Had a good meeting with Dr. Massarweh, and yet another resident (who kept looking at himself in the mirror--which I found pretty entertaining), where I found out that ALL of my scans last week came back clear... PRAISE GOD!!! No metastasis anywhere else!!! He again walked me through the medications, side effects and how to stay as healthy as possible in this process. Washing hands, staying away from big and/or close crowds (no movie theatres, etc), eating clean and healthy as much as I can, using the anti-nausea medications to help me manage, and funny stories to lighten the mood. 

Super great nurses and support in the infusion center. Dani explained things for about an hour... going over all the medicine, side effects, making sure to answer any questions and making sure I was comfortable. The first round of chemo she actually has to inject slowly, so she sat with me for about 20 minutes while doing that. The second kind of chemo comes in drip form, so Brian and I pulled up a show and kept ourselves busy and entertained for the hour or so it was going.

Got home to the most awesome sign made by the kids and Aubrey (our sweet friend who was staying with the kiddos). 

These last couple days have been not as terrible as I had anticipated. Like I said before, I definitely don't feel normal, but it's not as bad as I had imagined--my guess is because the meds are helping keep the nausea at bay and the prayers that are covering me from every angle! Every once in a while it waves over me, but then it passes and we keep going. My amazing husband is just that... amazing. So thankful for him, and for all the love and support from so many friends.




Saturday, July 15, 2017

Family Saturday Adventures!

Chemo treatment starts Tuesday, so we decided a family get-away was in store for today since we don't know what the next few months will be like for us. We road-tripped it over the gorgeous Sonora Pass and made our first trip to Bodie, the historic gold-rush ghost town. We had a wonderful day with great views and fun adventures. Here's to more of that!!!

  








Friday, July 14, 2017

Now what...?

Ok, the shock of cancer news is out there. That was the hardest part for me to conjure up (how do you say this right?). So many wonderfully supportive comments and love in response (over 100 on FB and even more texts and messages!)... thank you so much.

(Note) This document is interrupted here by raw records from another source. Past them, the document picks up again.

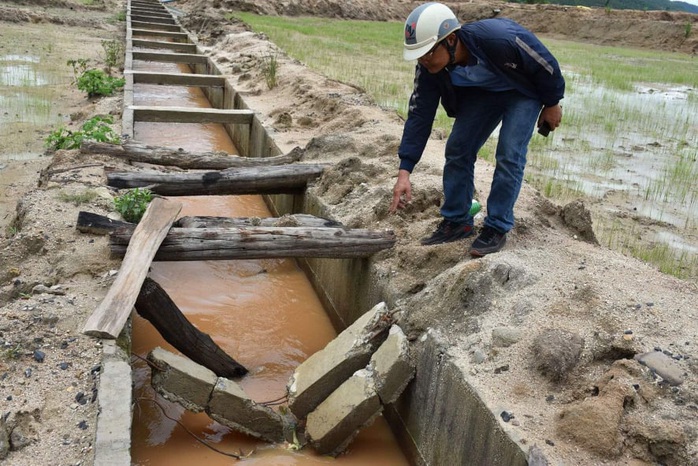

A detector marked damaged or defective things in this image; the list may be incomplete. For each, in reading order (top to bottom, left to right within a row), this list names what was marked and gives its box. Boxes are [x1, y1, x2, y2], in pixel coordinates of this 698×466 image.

broken concrete slab [145, 346, 215, 412]
broken concrete slab [207, 376, 286, 442]
broken concrete slab [284, 302, 392, 418]
broken concrete slab [304, 370, 380, 456]
broken concrete slab [370, 324, 414, 404]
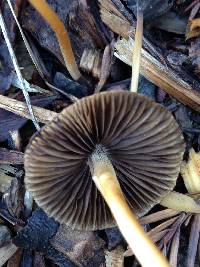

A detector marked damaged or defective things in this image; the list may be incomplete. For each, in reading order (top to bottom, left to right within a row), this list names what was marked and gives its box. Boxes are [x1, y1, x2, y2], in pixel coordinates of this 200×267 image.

splintered wood piece [0, 95, 57, 124]
splintered wood piece [99, 0, 200, 112]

I read in The Breast Book (recommended to me by my Cousin Tracy--thank you!) that drs like some time to pass between giving you the news of your cancer diagnosis and talking about treatment. I totally get this philosophy as I've really only known this for 3 weeks, but it feels like so much longer. .. I am over the shock (though am I really ever going to be?) and ready to take it on.

Based on many, many recommendations and our own research (as well as our gut feelings), we had my local family dr refer me to Stanford Women's Cancer Center. The soonest we could get our appointments with both the oncologist and the surgeon was 2 weeks from the time we called, which was this past Monday, July 10. It felt so crippling waiting for these appointments, knowing and feeling this cancer growing inside of me (yes, I can feel it) and just waiting. But, finally, now we have a plan...

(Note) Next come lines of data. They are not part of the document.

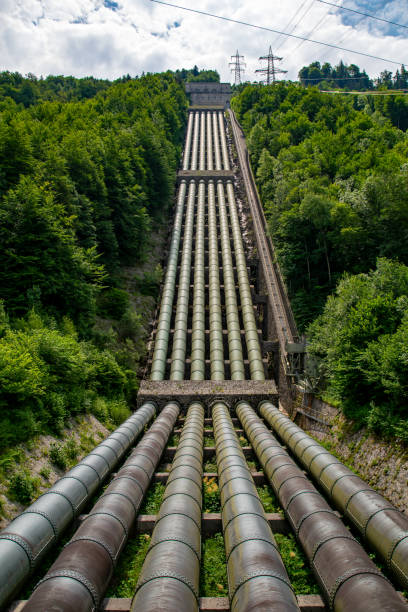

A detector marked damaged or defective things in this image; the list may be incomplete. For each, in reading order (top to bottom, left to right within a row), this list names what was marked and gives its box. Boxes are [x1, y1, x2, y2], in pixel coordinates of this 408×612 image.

rusty pipe surface [0, 402, 155, 608]
rusty pipe surface [23, 402, 179, 612]
rusty pipe surface [131, 402, 204, 612]
rusty pipe surface [214, 402, 300, 612]
rusty pipe surface [236, 402, 408, 612]
rusty pipe surface [260, 400, 408, 592]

Dr. Massarhew and Dr. Wheeler will be directing my care at Stanford. The biospy 'markers' are that the tumor is around 5 cm (but growing), it is hormone receptor positive for both estrogen and progesterone, HER2 negative, and the proliferation (cell division) rate is 35% (0-5 is slow, above 20 considered fast, but surgeon says she sees 80-90% growth rates regularly, so she said 35% is fairly moderate). Upon physical exam on Monday, both drs found that lymph nodes are involved, which gave a Stage 3 diagnosis. But more concerning is that it is inflammatory... makes it aggressive and in the skin of my breast, which will most likely require a mastectomy (rather than the preferred lumpectomy) as soon as we stop the growth and spread with what they call neo-adjuvant therapy (chemo before surgery). Had a bunch of scans (CAT, bone and echo, with a MRI scheduled for Tues) to be sure of no metastasis, and those seemed to have come back clear (praise the Lord!). So, I start chemo on Tuesday, July 18. Initially, they will give me 4-5 rounds of a treatment they call AC, each 21 days apart. After we see how I do on the chemo, we'll explore surgery to remove the mass or what else might work best.

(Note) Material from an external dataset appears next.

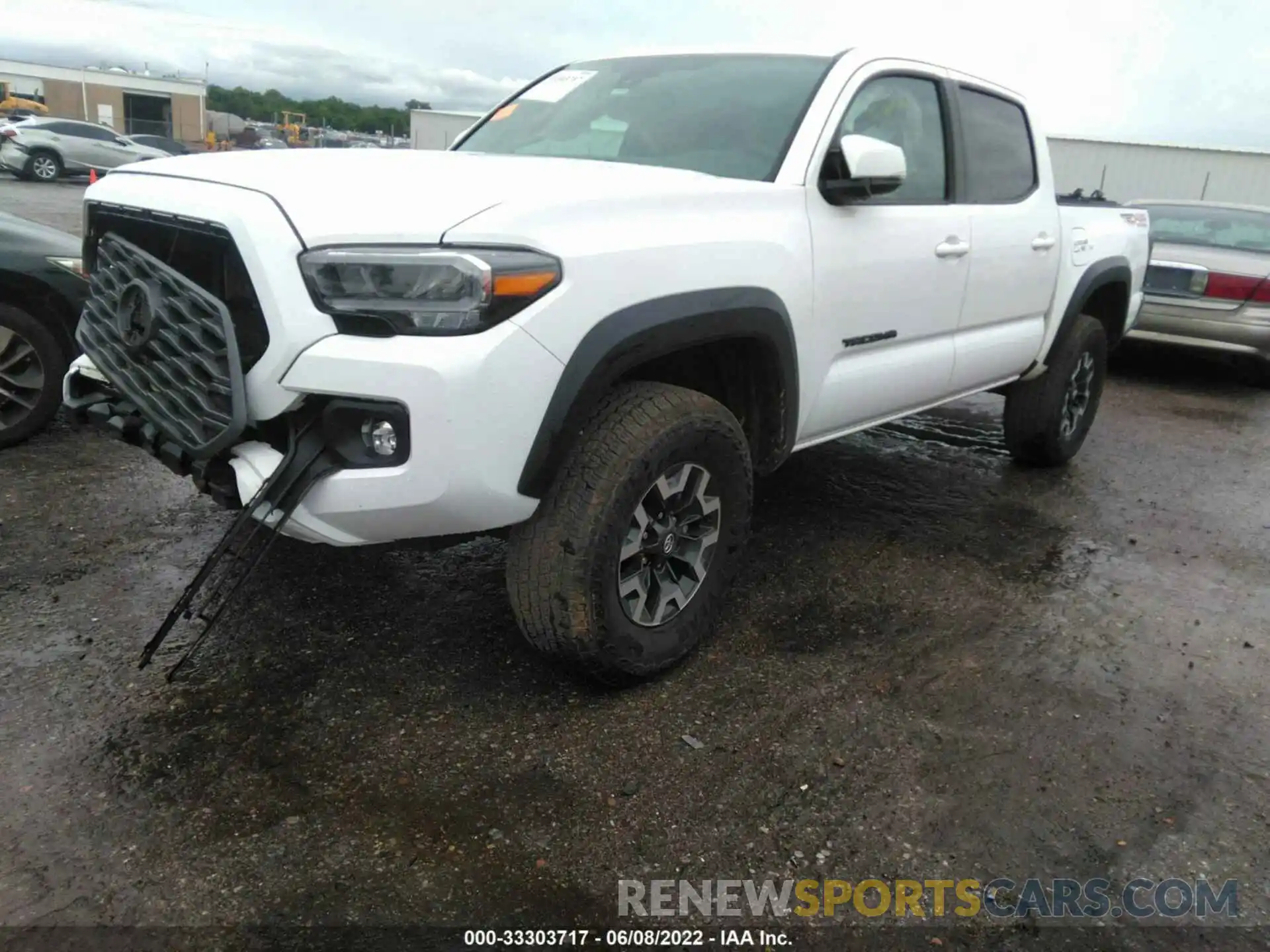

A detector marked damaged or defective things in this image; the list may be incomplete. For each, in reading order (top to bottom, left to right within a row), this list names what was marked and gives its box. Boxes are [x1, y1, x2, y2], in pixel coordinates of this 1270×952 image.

I've also been talking with a number of folks (who I appreciate their time and care!) about ways to fight this at home as well--with clean eating food, other natural remedies and a lot of positive thoughts!!! We are going to do everything we can to fight this!


Thursday, July 13, 2017

It's Cancer



There are many words that can change your life. Cancer is definitely one of them.

Two weeks ago (June 25 to be exact), I received a phone call at 9:30 on a Sunday night from my doctor that confirmed that the lump I felt in my left breast at the end of May was, in fact, invasive ductal carcinoma. I asked, "what does that mean?" "It's cancer."

Life changed. I will put all the details of my diagnosis of breast cancer and what I have found out since in the next post, but this news itself warrants a post of it's own. It's shocking. It's real. It's news that will change my life and the life of those I love most.

Hope.

Hope is also a word that has changed my life.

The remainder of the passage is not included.